EXERCISE BRIEF
Using the listing below, print exactly everything from the line with "4 Bedrooms Townhouse in Nueva Andalucía" down to the line with "Tavolino quadrato firmato", both included, and nothing more.

PROVIDED MATERIAL
----------
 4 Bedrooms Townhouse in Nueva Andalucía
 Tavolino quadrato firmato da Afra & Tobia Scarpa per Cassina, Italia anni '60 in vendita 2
----------
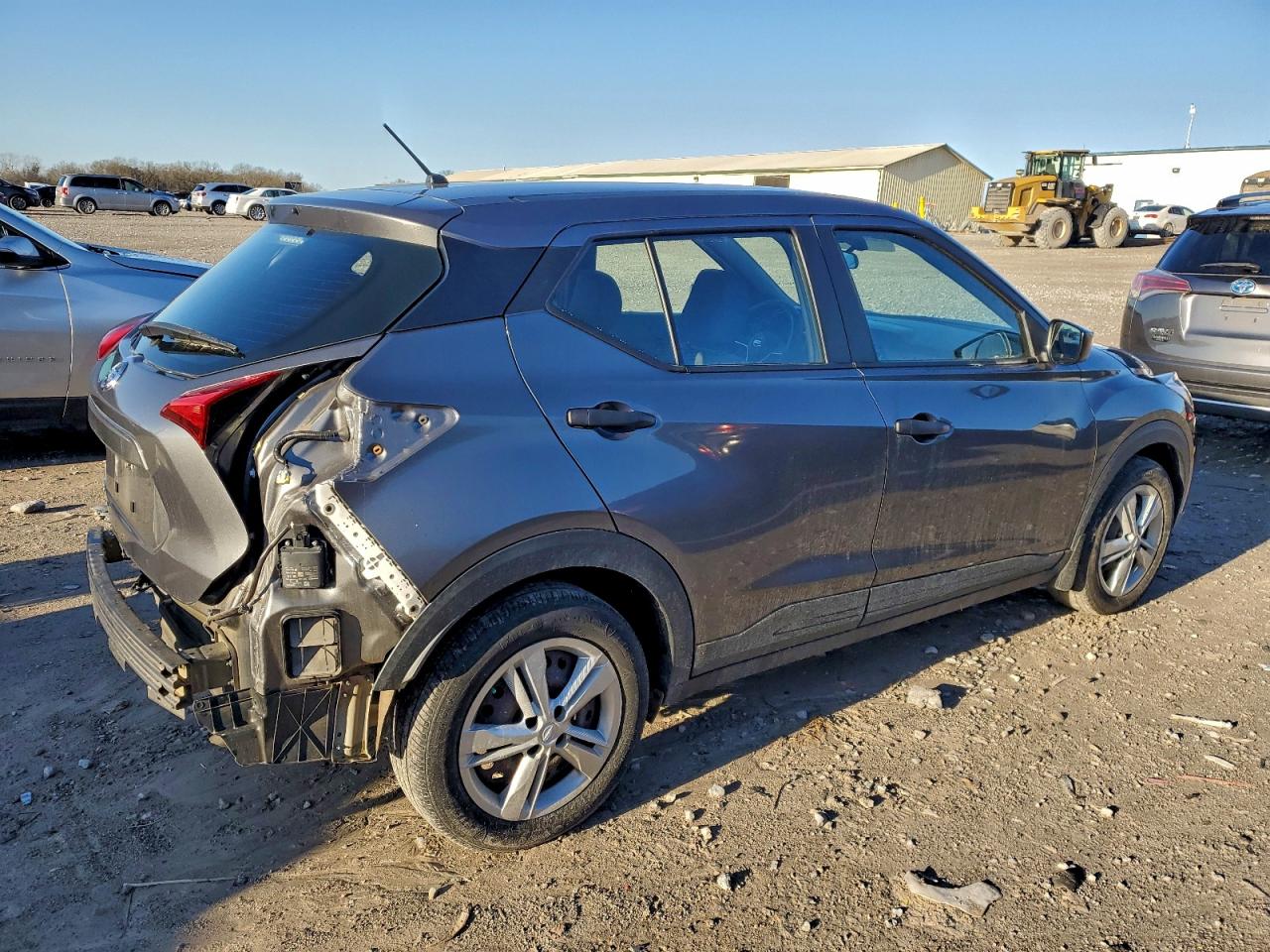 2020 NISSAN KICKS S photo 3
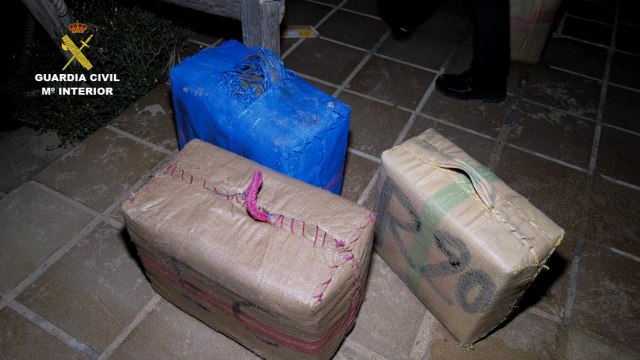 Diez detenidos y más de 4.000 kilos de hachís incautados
----------
WRITTEN RESPONSE
 4 Bedrooms Townhouse in Nueva Andalucía
 Tavolino quadrato firmato da Afra & Tobia Scarpa per Cassina, Italia anni '60 in vendita 2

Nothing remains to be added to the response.